Tous les moins de seize ans vont à l’école démocratique indépendante, dite école buissonnière, où on apprend à reconnaître les plantes, à traiter les maladies humaines, végétales et animales, à parler avec ses sentiments et à écouter l’autre, à calculer et à peindre, à jouer avec des plus petits et des plus grands que soi, à s’occuper des bébés et des grands-parents et à parler des langues étrangères, à jouer du tambour ou du piano et à plusieurs, à construire des radeaux et à méditer dans la forêt, à connaître l’histoire du monde et les guerres entre les peuples, mais aussi les causes de la paix depuis l’Empire akkadien jusqu’à nos jours. On apprend aussi à tirer à l’arc et à manier la faux, à fabriquer des paniers et à construire des maisons, à monter à cheval et à guider un troupeau, à négocier un contrat commercial et à communiquer à l’étranger, à produire sa propre énergie électrique et à coder des sites internet, à réparer des voitures et à fixer des étagères, à repriser ses vêtements et même à serrer la main.

Dans les villes, les gens râlent parce que c’était mieux avant. Bien des métiers sont devenus inutiles, comme caissière ou Responsable de la Répartition des Ressources Humaines en Zones Sectorielles d’Ajustement à l’Éducation Nationale.
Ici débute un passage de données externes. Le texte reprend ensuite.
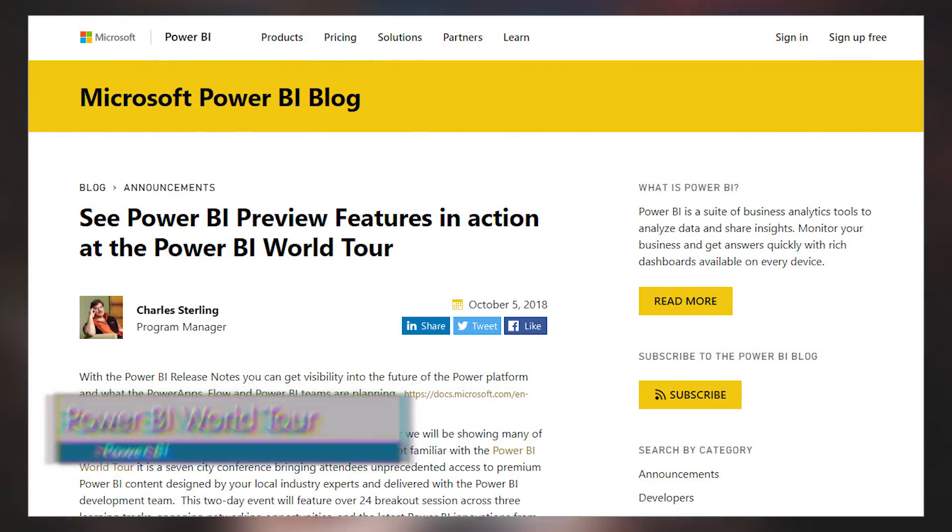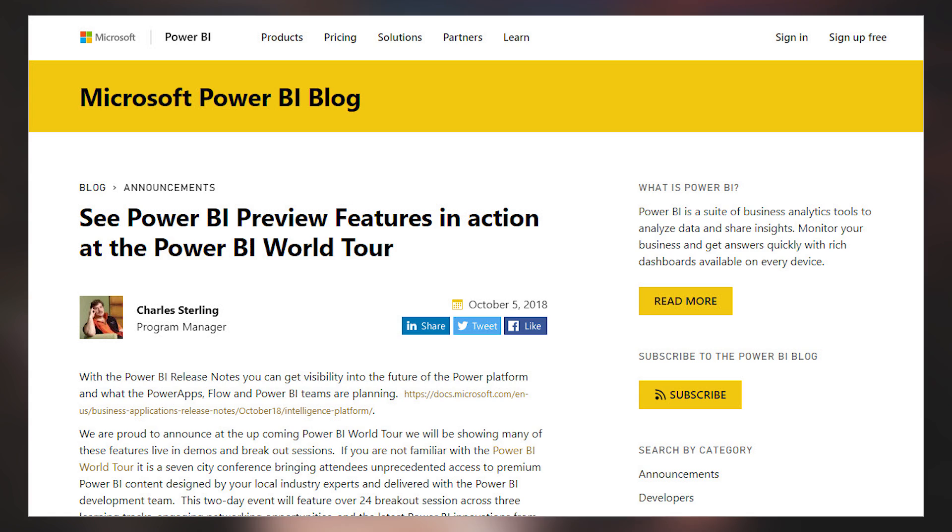If you haven't made it to a Power BI World Tour, there is still time. Chuck Sterling from the Power BI team talked about the fact that the team is going to be showing off all of the new features at the Power BI World Tour. So if you haven't seen these new features and want to get up close and personal with them, the world tour is a great way to do that. There are three locations still coming up: end of October in Seattle, mid-November in Montreal, Canada, and end of November in Dallas, Texas.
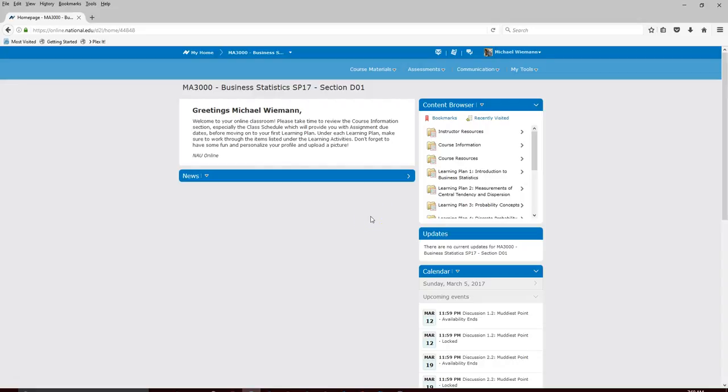Hi, my name is Mike Wiemann and I'd like to go through some housekeeping items associated with your MA 3000 Business Statistics class. I want to cover how to get into MyStatLab, where we'll be doing our corresponding homework and computational quizzes for the class, and address any frequently asked questions to get you started inside the course.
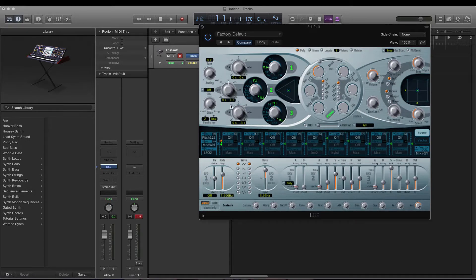Turn all the synths to zero, then hit fill to reset — we'll leave that on free. Click unison and select 16 voices.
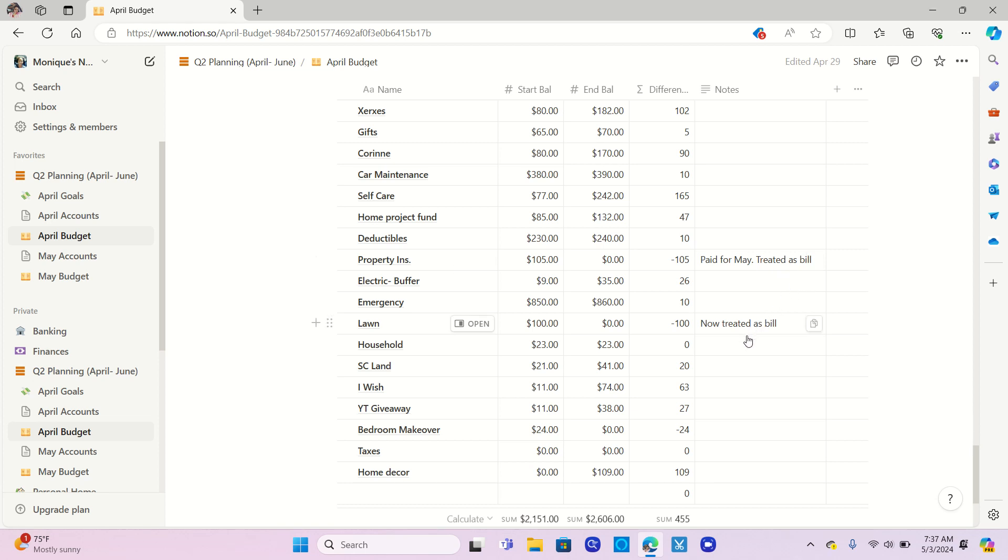Same with lawn care. I saved up $100. I've already used that money. They've started to cut my lawn now, of course. We're in spring slash summer. And now that's going to be treated as a bill as well because I do have a new company, and they require us to have a credit card on file. So that one is going away.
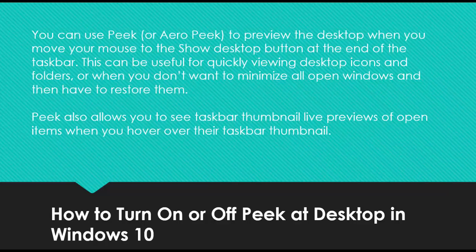You can use Peek or Aero Peek to preview the desktop when you move your mouse to the Show Desktop button at the end of the taskbar.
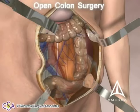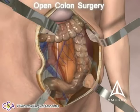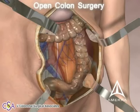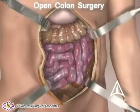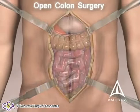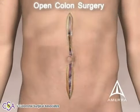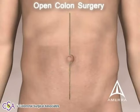A surgical anastomosis is then performed by joining the two ends of the colon together. Retractors are removed and the abdominal wall is closed. The incision is then approximated with multiple sutures or staples.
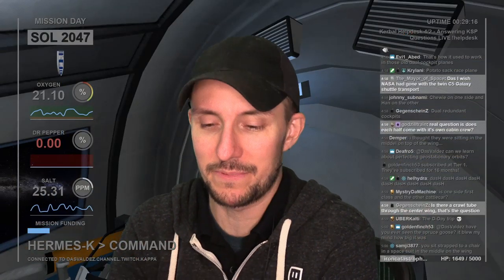Kerbal Help Desk is a thing that I have been trying to do lately.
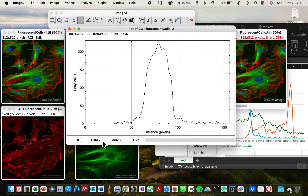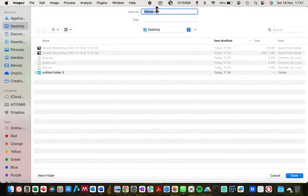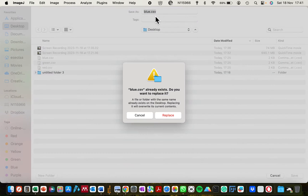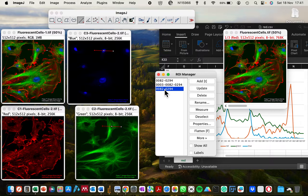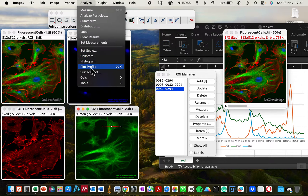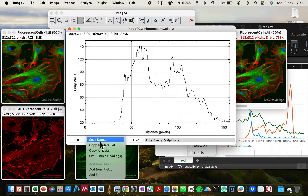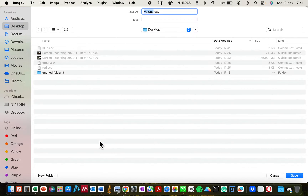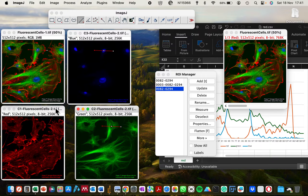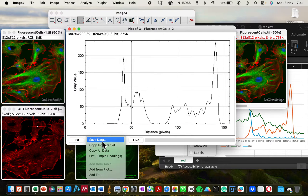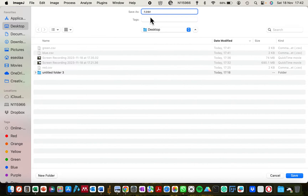I'll select 'Data,' click 'Save Data,' and save that as 'blue.' I'll close this data. Now I'll generate the same for the green channel by clicking on the region of interest coordinates, selecting it on the image, going to Analyze > Plot Profile, then selecting 'Save Data' to save it as 'green.' I'll do the same for the red channel: select the region of interest, Analyze > Plot Profile, then Data > Save Data to save it as 'red.'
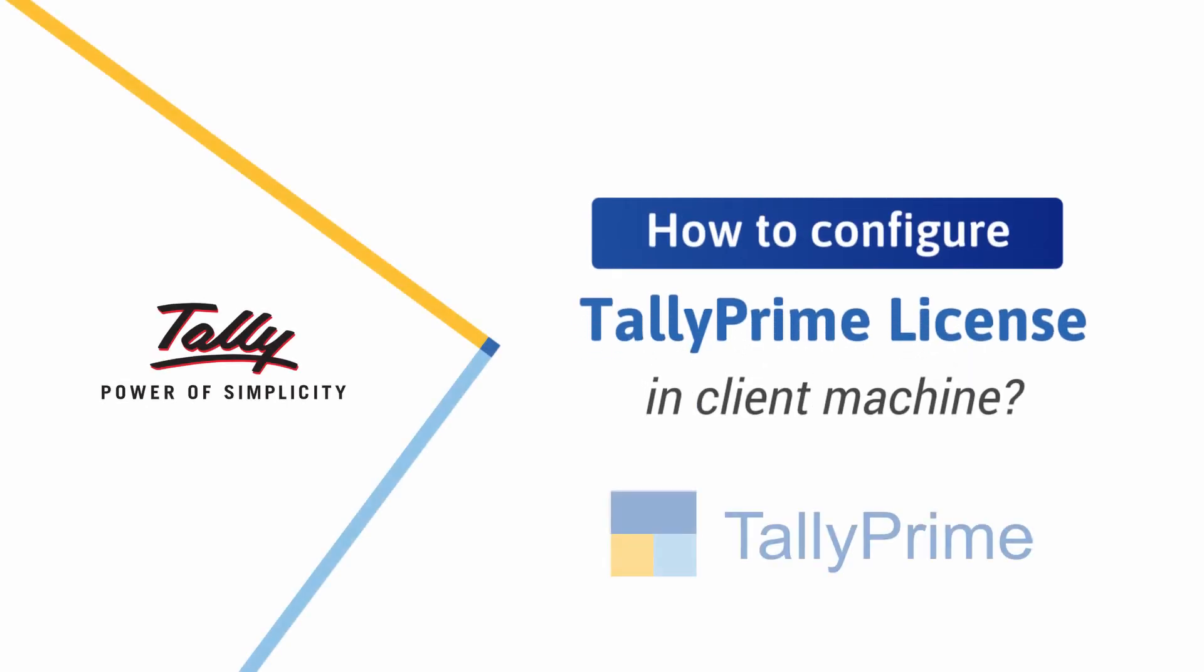Welcome! In this video, we will look at the steps for configuring TallyPrime license in a client machine in multi-user environment.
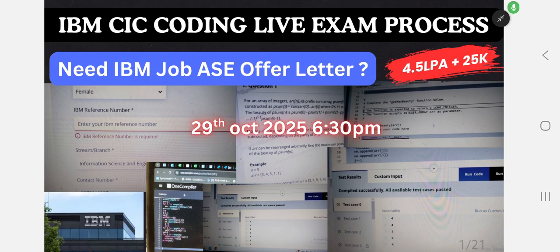Welcome back to the channel. You are already watching the IBM videos, and big YouTube channels have already posted about this. But what is special in this video? It will be helpful if you watch until the end. My YouTube channel name is Jobs Campus India, and it will post real-time updates about Google and IBM.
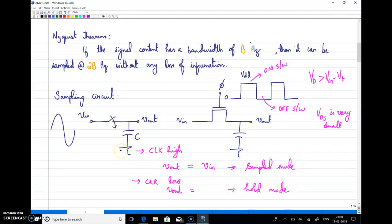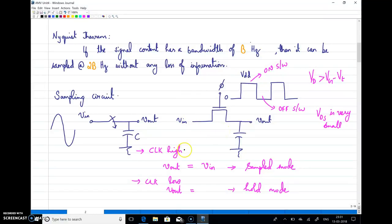A switch is realized using a MOSFET driven by a clock signal varying from 0 to VDD. When the gate signal is at 0, the MOSFET is off. When the gate is at VDD, the MOSFET is driven into the linear region of operation, where VDS is very small and V_out follows V_in. When the clock is high, V_out equals V_in — this is the sampling mode. When the clock is low, V_out holds the previous sampled value — this is the hold mode.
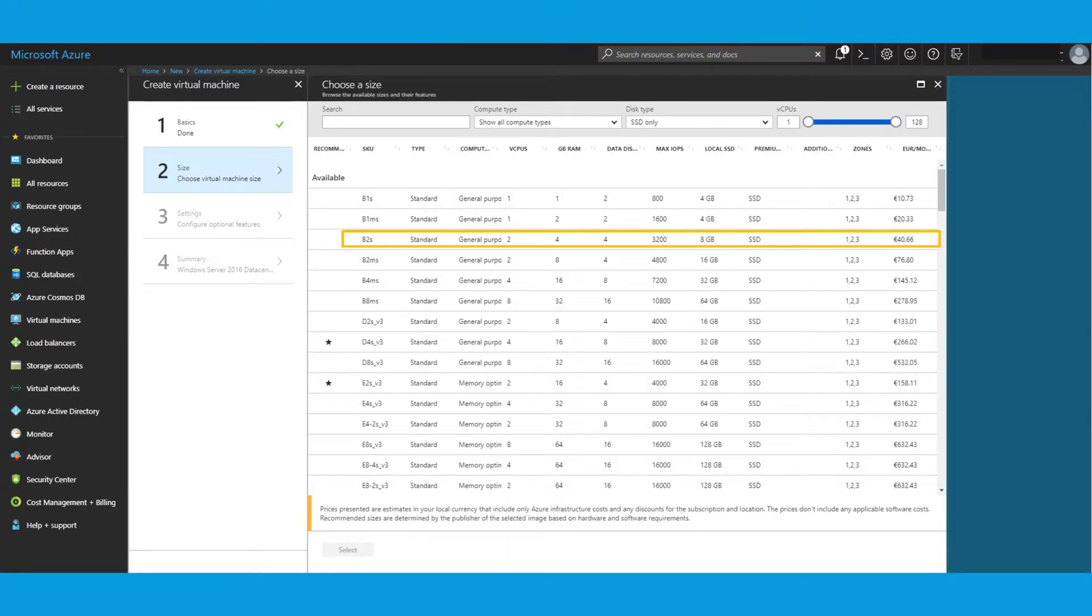Then you choose a size for the VM. And I usually take the B2S, which is heavy enough to run Unity, but is also, let's say, not too expensive.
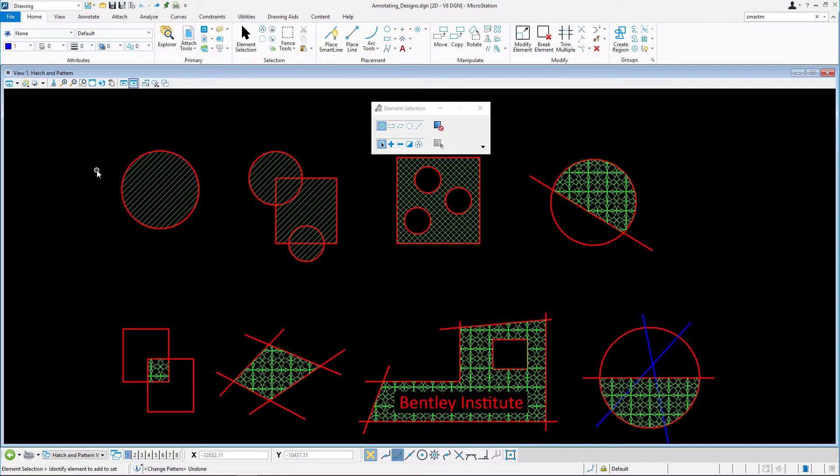All of the hatching and patterns you created in the previous exercise are associated to the elements that define their boundary, because you enabled the associative boundary tool settings. This means if one of these elements are modified, the patterning is automatically updated. Let's confirm this by modifying a few elements that define a pattern area.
Se nourrir n’a jamais été aussi sain, facile, accessible et peu coûteux. Du coup les gens se demandent que faire de leur temps libre. Ils commencent à s’intéresser à ce qu’apprennent leurs enfants et se rendent finalement à cette formation gratuite sur la communication non violente et à ces réunions sociocratiques hebdomadaires sur la vie de leur quartier. Ils accueillent leurs vieux parents dont ils n’avaient auparavant pas le temps de s’occuper et qui mouraient à petit feu à la Maison de Repos des Pins Verts.

Le pays se réorganise. On cherche de nouveaux moyens de faire du profit mais les gens utilisent tellement les monnaies locales qu’on ne peut pomper que sur les échanges nationaux ou internationaux.

L’élite de l’ombre n’a plus sa place à la tête des médias ou des grands groupes car les lois obligent les organisations à une hiérarchie horizontale, où celui qui fait est celui qui décide, où chacun a son mot à dire, peut être écouté et est libre d’appliquer ses initiatives, où les chefs d’équipes tournent tous les trimestres et où un dirigeant ne peut se salarier à un montant plus de dix fois supérieur au salaire le plus bas non seulement de son entreprise mais aussi de toute sa filière dans les limites du territoire français.

Vingt ans plus tard, un Bon Dictateur Vert et deux Bonnes Dictatrices Vertes se sont succédé et ont peu à peu laissé les ministres compétents dans leur domaine respectif diriger et prendre des initiatives, eux-mêmes délégant de plus en plus aux élus régionaux et territoriaux. Ceux qui savent sont les plus proches du terrain. Ceux d’au-dessus essaient simplement de coordonner et d’harmoniser à peu près ce qui ressemble de plus en plus à une Fédération de Territoires français pour continuer de faire figure d'exemple à l'UE, à l'ONU, à l'OTAN et autant d'autres acronymes internationaux que je passe.

Celles et ceux qui ont appris à l’école à planter des arbres et à monter eux-mêmes leur réseau de plomberie occupent aujourd’hui les postes à responsabilités de la société civile.

Comme il n’y a plus d’escalators ni de nourriture hypercalorique dans les fastfoods, il y a bien moins d’obèses, et les centres publics de soins ne sont remplis que par des cas sérieux car on apprend dès l’école primaire à se soigner et à soigner les autres.

Tout le budget de l’armée, abolie au début des années vingt (deux mille vingt, bien sûr ; il faut vivre avec son millénaire, allons), a été alloué à la culture, l’éducation et l’écologie, à l'image du Costa Rica. L’Union européenne a convenu d’une armée unique et ses trente-quatre États membres ont chacun démilitarisé leurs casernes. Il n’y a plus que la police nationale dans les rues, et les casques étoilés n’interviennent qu’en cas de conflit armé.

Soixante-dix ans plus tard, on ne se souvient plus que tout cela a commencé par une dictature ; tout le monde appelle ça l’écolocratie. Les règles ne sont définies que par le bon sens et l’intelligence collective.

Et puis, soudain, rien ne va plus, car on oublie à chaque génération que les solutions d’aujourd’hui sont les problèmes de demain.